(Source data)

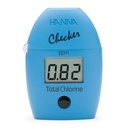 Hanna Instruments Checker HI711 Test Cloro Totale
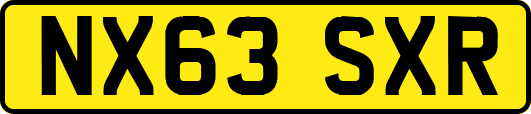 NX63SXR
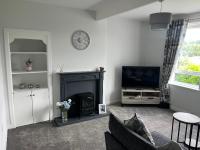Modern 2 bedroom ground floor apartment - B&B Hawick
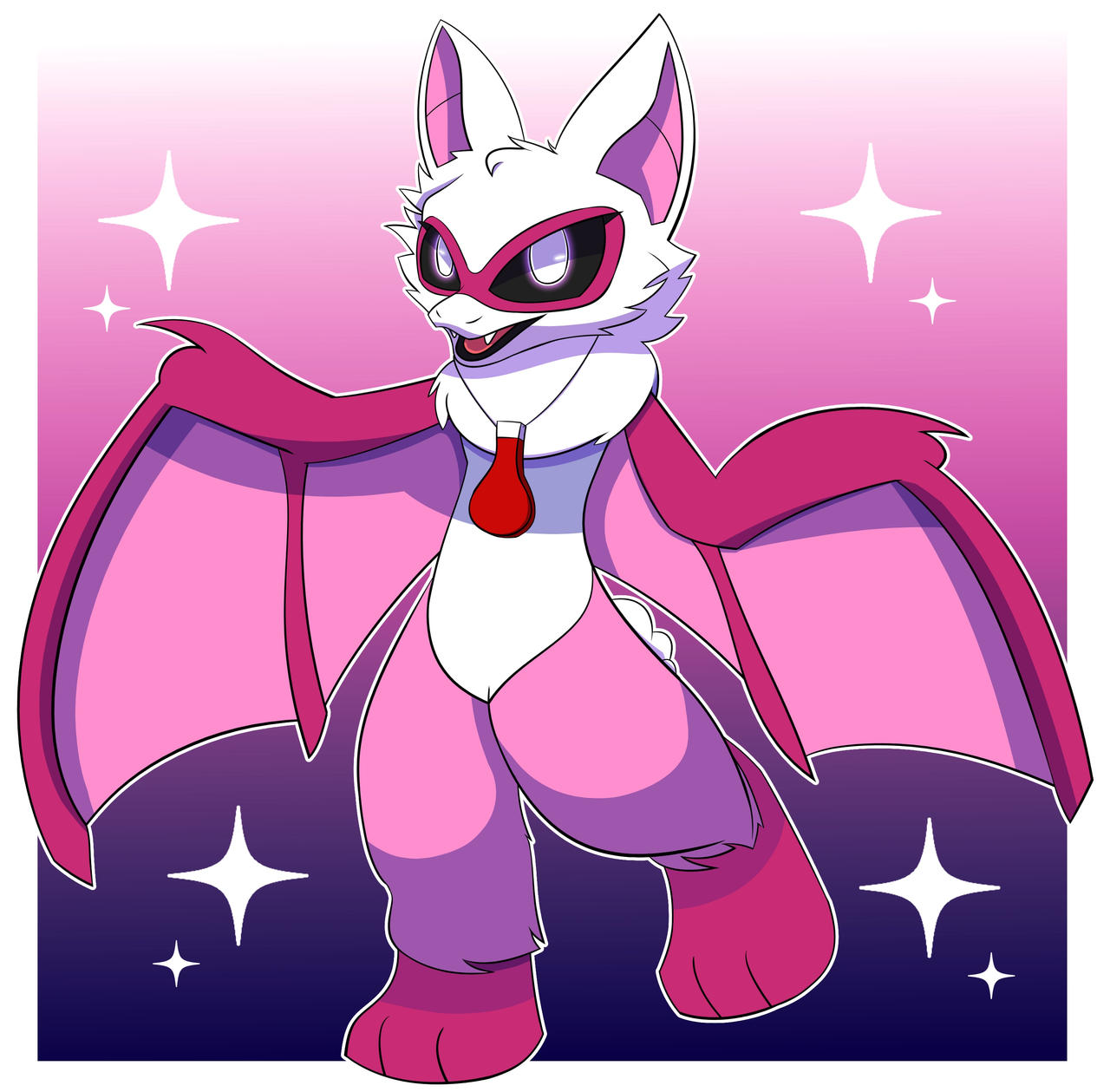 Mady Rabie Rabie baby by Greytics on DeviantArt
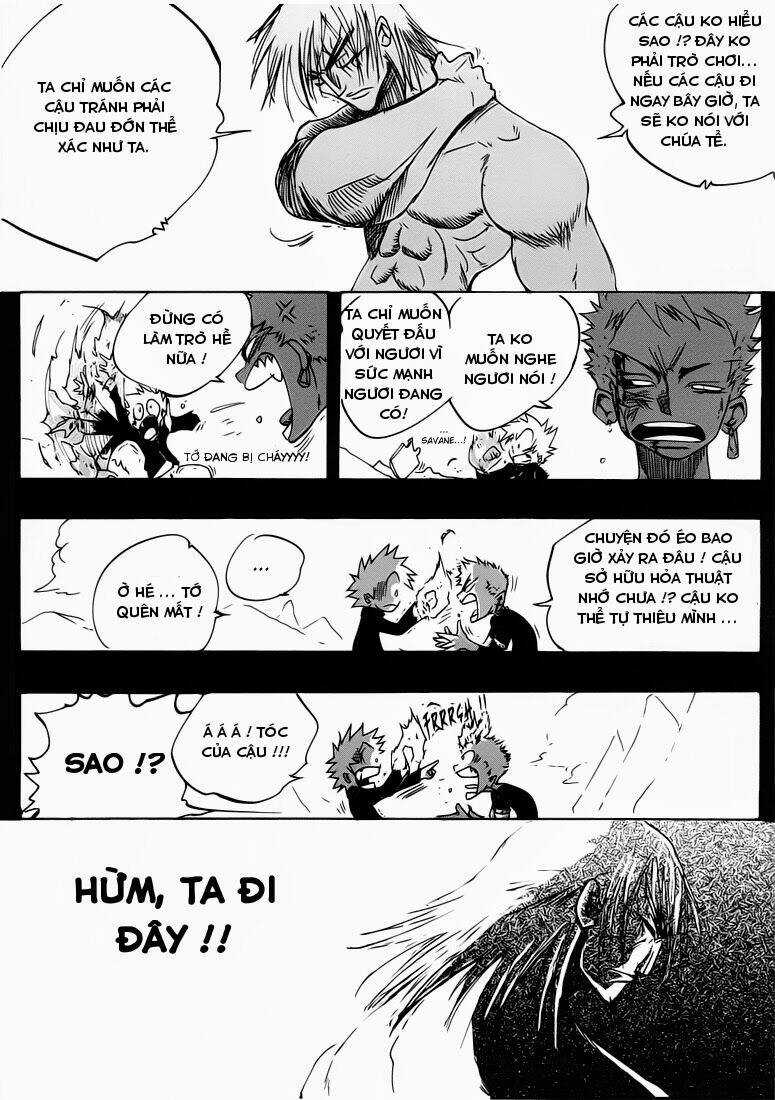 Dreamland - Chapter 10 - Trang 4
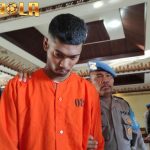 Driver Ojol Perkosa WN Brasil di Bali Sempat Ancam Bunuh Korban Pengemudi (driver) ojek online (ojol) bernama Wangkadasih Dever, pemerkosa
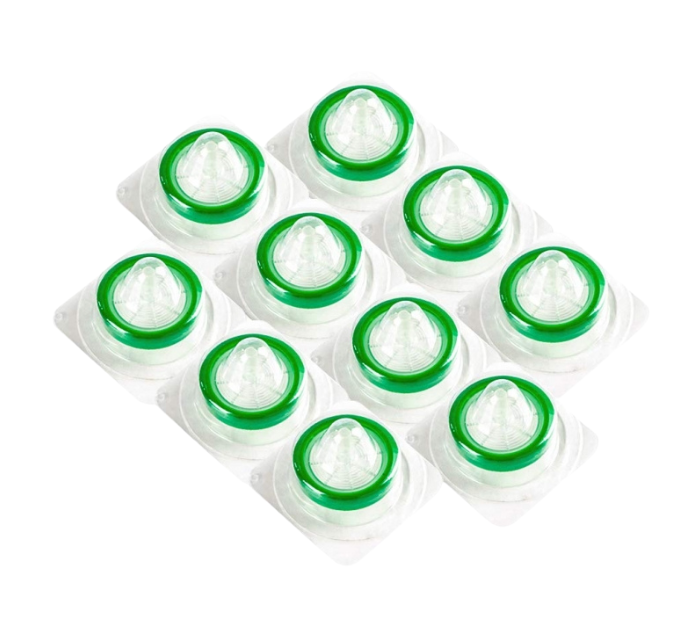 Cellulose Acetate (CA), Sterile, Hydrophilic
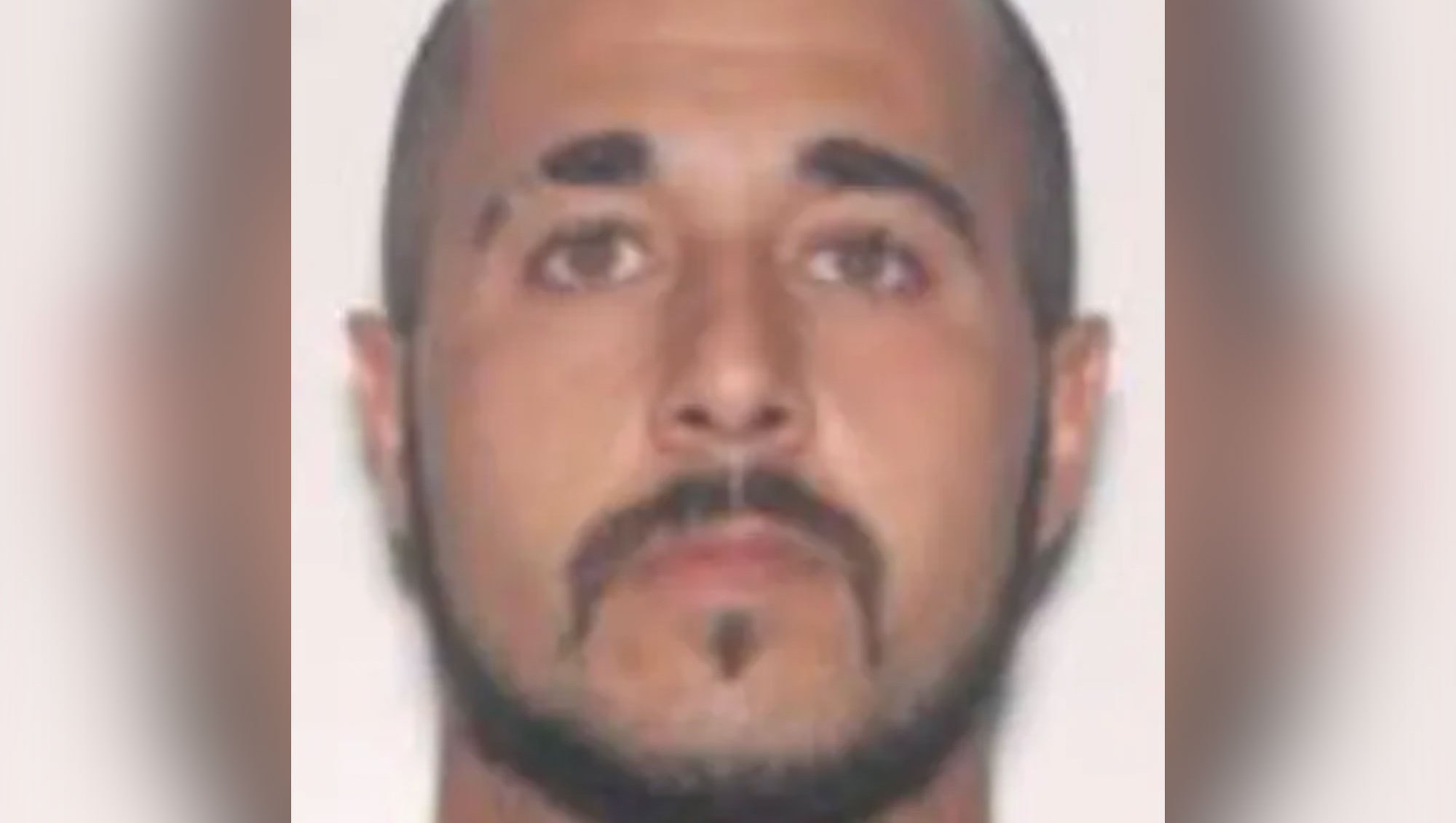 Florida Man Allegedly Kidnapped Woman Who Escaped at New Jersey Truck Stop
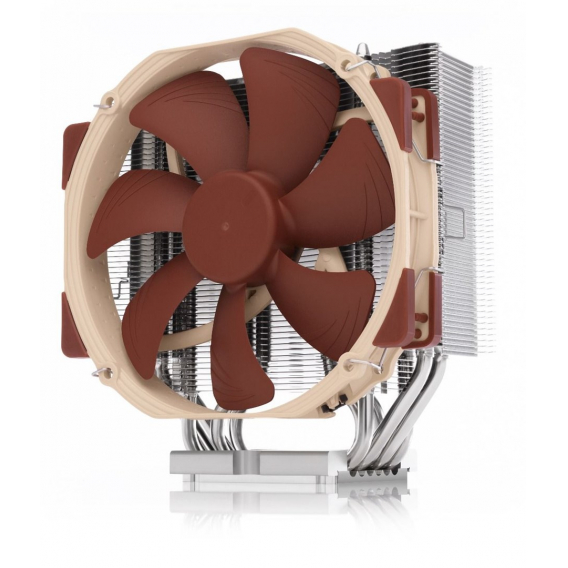 Obrázok pre Noctua NH-U14S DX-3647 Chladicí systém pro počítač Procesor Chladič 15 cm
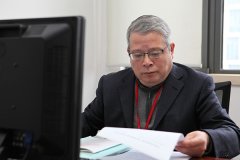 中国梦;申城美|纪检干部张玲玲:就是要做党的忠诚卫士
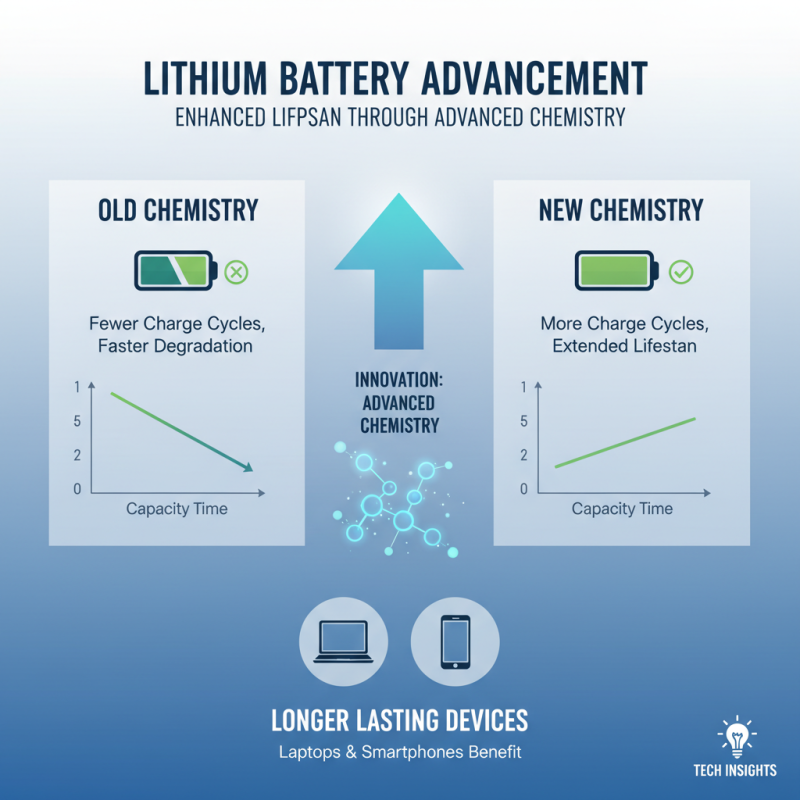 Top 10 Benefits of Lithium Battery Technology Innovations?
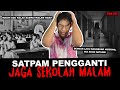 DENGER LAGU BANGBUNG HIDEUNG DI SEKOLAH MALAM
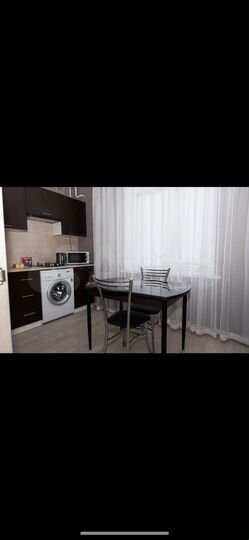 Комната 42 м² в 1-к., 1/3 эт.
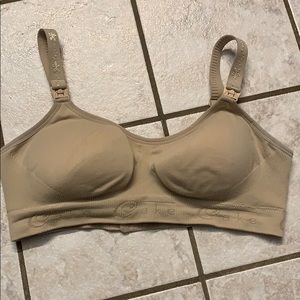 Cake Nursing bra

> _REQUIREMENT_:
Restate each of the entries above word for word and skip every image.

> _SOLVED PROBLEM_:
 Hanna Instruments Checker HI711 Test Cloro Totale
 NX63SXR
Modern 2 bedroom ground floor apartment - B&B Hawick
 Mady Rabie Rabie baby by Greytics on DeviantArt
 Dreamland - Chapter 10 - Trang 4
 Driver Ojol Perkosa WN Brasil di Bali Sempat Ancam Bunuh Korban Pengemudi (driver) ojek online (ojol) bernama Wangkadasih Dever, pemerkosa
 Cellulose Acetate (CA), Sterile, Hydrophilic
 Florida Man Allegedly Kidnapped Woman Who Escaped at New Jersey Truck Stop
 Obrázok pre Noctua NH-U14S DX-3647 Chladicí systém pro počítač Procesor Chladič 15 cm
 中国梦;申城美|纪检干部张玲玲:就是要做党的忠诚卫士
 Top 10 Benefits of Lithium Battery Technology Innovations?
 DENGER LAGU BANGBUNG HIDEUNG DI SEKOLAH MALAM
 Комната 42 м² в 1-к., 1/3 эт.
 Cake Nursing bra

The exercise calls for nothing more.